Of course kids still run away from home these days. But I don't think it is the trendy thing to do anymore these days (I have tried to find some statistics on this, but the sites all use old, static data - one cites rates from 1994!). The kids have moved onto to new obsessions, I think.
But this got me to thinking about how much of our behavior is a matter of personal choices and how much is just herd mentality, driven by normative cues in our environments. On the Mr. Money Mustache site, for example, people regale each other with tales of their thriftiness, and thus reinforce this behavior among one another. On a car enthusiast site, however, the norms are all about spending money "modding" your car, and not surprisingly, the members try to outspend each other based on those cues.

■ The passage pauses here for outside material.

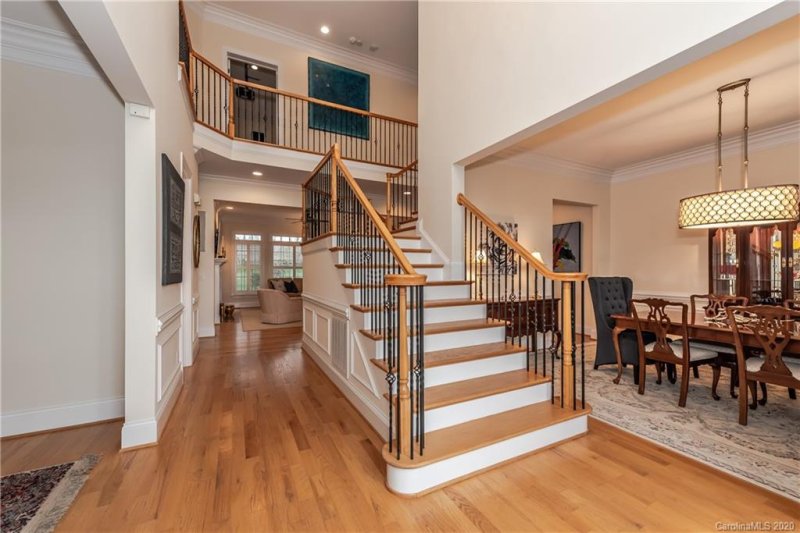 Property image 5 at 1101 Veramonte Drive, Matthews, NC 28104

Our behavior is not necessarily within our control all of the time. We are influenced by our peers, the media, and our surroundings. If you watch the news all the time, you tend to think the world is an awful place, ready to fly apart on a moment's notice. If you hang out with conspiracy theorists, you tend to think that everything is evil and banal. If you hang out with your brain-dead neighbors in the cul-de-sac at Foreclosure Mews Estates, you tend to think that continually refinancing your house is a swell idea.

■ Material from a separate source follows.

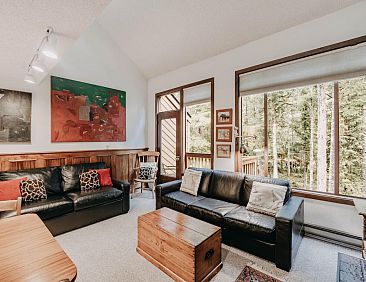 Appartement Townhouse Condo mit großen Resort-Annehmlichkei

"He that walketh with wise men shall be wise: but a companion of fools shall be destroyed." Proverbs 13:20
You are the company you keep, it would seem. You hang out with drug addicts, you will become one. You hang out with honor students, well, you may trend in that direction. And not because of some moral failing or whatever, but merely because the normative cues from your peers will be different.
A reader recently inquired, "All my friends are coke heads, what should I do?" And my advice was, "find new friends". This seems pretty simple and basic - if you hang out with coke heads, you will become one, or at the very least, your life will be unpleasant, as they will steal from you, eventually, and be unreliable and unpredictable.
But many folks think that is horrific advice - how can you just walk away from friendship or even your family? And the answer is, if it is an abusive relationship, just walk away. You can't "fix" people, and if you hang out with folks who are bad for your psyche, you will just make yourself miserable.
Sadly, our society often forces people into contact with each other, and High School is the prime example of this. You are tossed into the meat grinder and forced to interact intimately, with a lot of people who often have very, very wrong ideas. Teenagers are very suggestible and easy to market to, not because they are young and impressionable (that helps, of course) but mostly (I think) because they spend so much time with one another and place great emphasis on being accepted and being part of some social group.
As we get older, well, we spend less time in forced social groups like high school or college. Work becomes the only forced social group, and even there, people often pick up poor normative cues and thus act against their own self-interest.
It is only when we get older that we start to care less about what others think, and think more for ourselves. Sadly, of course, some never reach this point. Many remain with the herd until they breathe their last breath. Visit a retirement community sometime, and you'll see what I mean.